Poner la otra vajilla
Qué lejos quedan esos días en los que en los restaurantes creativos, para distinguirse de los de menú, te ponían platos cuadrados. Ahora, en cualquier Todo a un euro venden platos cuadrados y las personas vulgares los usamos hasta para comernos el bocadillo de chistorra frente a la tele. Por eso, ahora, en los restaurantes creativos ya ha habido otro cambio de paradigma. Ahora, lo que se lleva es que ningún plato sea igual a otro. Justo lo contrario de lo que hacemos nosotros en casa. Si nosotros usamos los platos desaparejados para los días de cada día y guardamos la vajilla completa para los días señalados, ellos lo hacen al revés. Ellos suelen servirte la ensalada en un triángulo de cristal transparente, la lubina en una pecera de loza y el flan en una copa de cava esmaltada.
El ejemplo de máxima creatividad en vajillas pude comprobarlo el otro día en el restaurante Lasarte, que Martín Berasategui ha abierto en el Hotel Condes de Barcelona. Allí, durante una velada estelar, me pusieron un plato que deja atrás cualquier otro plato por raro que sea. Era un plato de pizarra. Es decir: era un fragmento rectangular de la roca metamórfica homogénea oscura que tiene la particularidad de exfoliarse fácilmente en láminas y que suele usarse como material de construcción o como soporte para escribir con tiza.

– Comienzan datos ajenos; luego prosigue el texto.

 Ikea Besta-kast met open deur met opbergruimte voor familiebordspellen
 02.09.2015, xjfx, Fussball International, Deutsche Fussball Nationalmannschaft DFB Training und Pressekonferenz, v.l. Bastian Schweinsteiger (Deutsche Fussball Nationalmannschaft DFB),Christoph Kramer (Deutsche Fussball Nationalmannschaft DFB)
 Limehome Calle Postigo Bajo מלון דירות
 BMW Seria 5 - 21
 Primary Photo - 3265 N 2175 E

No hace falta que les diga que un plato así queda precioso. Encima de él, ese milhojas caramelizado de manzana verde, foie-gras y anguila ahumada destacaba una barbaridad. Daban ganas de hincarle el diente. Y es lo que yo quise hacer. Para ello, cogí el tenedor y el cuchillo y me dispuse a cortar. Pero cuando el cuchillo entró en contacto con la pizarra, chirrió, igual que chirría una tiza. No quiero describirles la angustia que sentí cuando noté que el metal rayaba un material tan poroso. Ahora mismo, escribiendo estas líneas se me pone piel de gallina y me estoy mordiendo los labios. No pude terminar la comida, con lo buena que parecía. Cada vez que intentaba cortar me rechinaban los dientes. Si el plato hubiese sido una deconstrucción de calçots o algo que se pudiese comer sin cuchillo habría sido distinto (los calçots, a veces, te los ponen en una teja). Pero cortar milhojas sobre una piedra de pizarra es algo reservado a muy pocos escogidos.

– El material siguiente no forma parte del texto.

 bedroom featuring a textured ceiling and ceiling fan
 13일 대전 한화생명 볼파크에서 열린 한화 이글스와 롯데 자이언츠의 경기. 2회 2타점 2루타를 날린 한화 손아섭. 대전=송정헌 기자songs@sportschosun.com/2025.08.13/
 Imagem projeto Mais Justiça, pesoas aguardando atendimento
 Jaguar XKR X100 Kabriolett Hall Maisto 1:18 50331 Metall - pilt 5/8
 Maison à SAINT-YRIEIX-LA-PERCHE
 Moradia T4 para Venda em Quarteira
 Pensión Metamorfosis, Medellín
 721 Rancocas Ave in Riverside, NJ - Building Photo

Algún pusilánime dirá que poner platos de pizarra es una idiotez, porque provoca una sensación desagradable en el pobre comensal, sensación acrecentada al pensar lo que pagará por esa comida que no es capaz de comerse. Y ese pusilánime dirá también que la anticuada loza o el arcaico cristal tiene una razón de ser. Precisamente, que el contacto con los cubiertos no resulte áspero y no nos haga rechinar los dientes. Pero no es así. Al contrario. Yo sé que el dueño de este restaurante nos está haciendo un guiño a los más inteligentes. Nos está diciendo que, si bien en su restaurante se comen delicadezas excelsas, él no deja de ser vasco. Y un vasco de verdad no sólo corta el milhojas sobre piedra de pizarra sin que le rechinen los dientes, sino que corta un entrecot sangrante con un cuchillo de sierra. Por eso, partir de ahora yo aconsejaría a los restaurantes vascos de fusión que sirvan los quesos sobre una pizarra Velleda, y que nos deshuesen el pichón sobre un trozo de conglomerado sin pulir. Los postres, siempre sobre Uralita. Y con el tiempo, todas las tazas de los inodoros deberán ser de Duralex.